**ACTIVITY**
Leave the pictures in the listing below aside and reproduce exactly the lines starting with the one with "Health and Healing" and going on through the one with "Calcul diferential si", both ends included.

**RECORDS FOR THIS EXERCISE**
▶

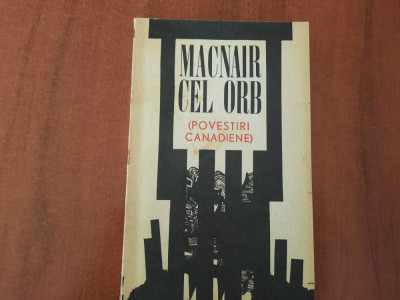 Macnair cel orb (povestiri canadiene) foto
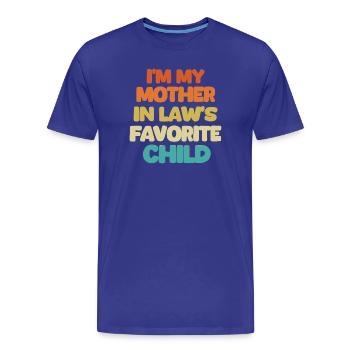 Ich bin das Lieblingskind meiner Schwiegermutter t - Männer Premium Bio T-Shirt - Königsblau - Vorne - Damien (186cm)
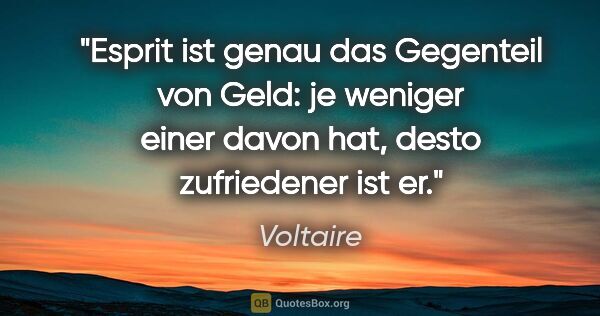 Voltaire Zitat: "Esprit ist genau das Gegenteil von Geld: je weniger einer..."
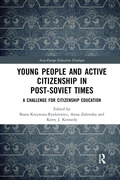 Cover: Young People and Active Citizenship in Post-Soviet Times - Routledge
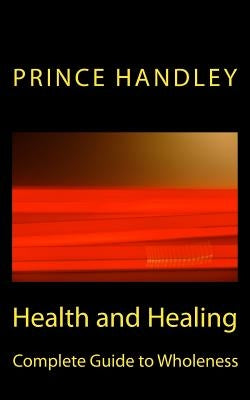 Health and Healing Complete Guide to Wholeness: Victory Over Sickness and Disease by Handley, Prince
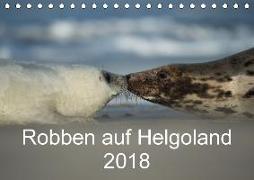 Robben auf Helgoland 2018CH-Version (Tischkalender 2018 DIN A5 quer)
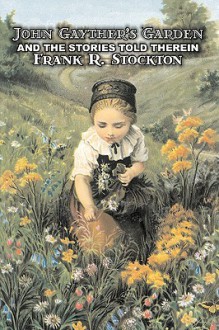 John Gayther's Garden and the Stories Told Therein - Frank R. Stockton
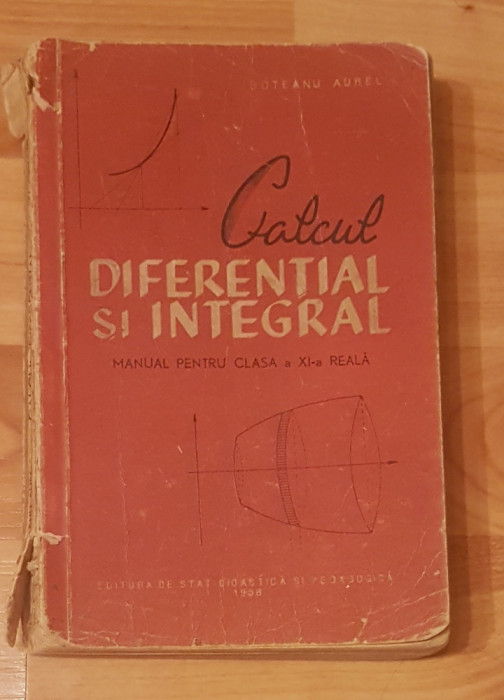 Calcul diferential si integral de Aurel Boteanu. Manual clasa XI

◀
▶

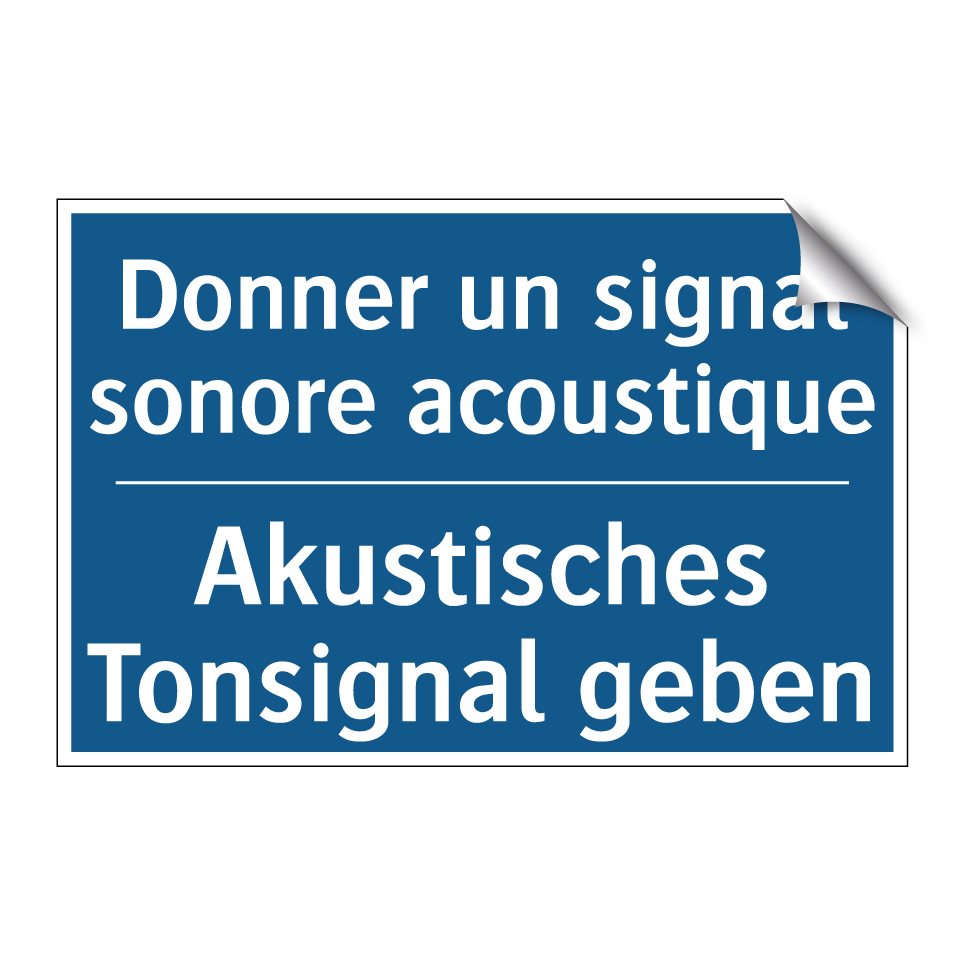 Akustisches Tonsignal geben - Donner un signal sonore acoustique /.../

◀

**ANSWER BELOW**
 Health and Healing Complete Guide to Wholeness: Victory Over Sickness and Disease by Handley, Prince
 Robben auf Helgoland 2018CH-Version (Tischkalender 2018 DIN A5 quer)
 John Gayther's Garden and the Stories Told Therein - Frank R. Stockton
 Calcul diferential si integral de Aurel Boteanu. Manual clasa XI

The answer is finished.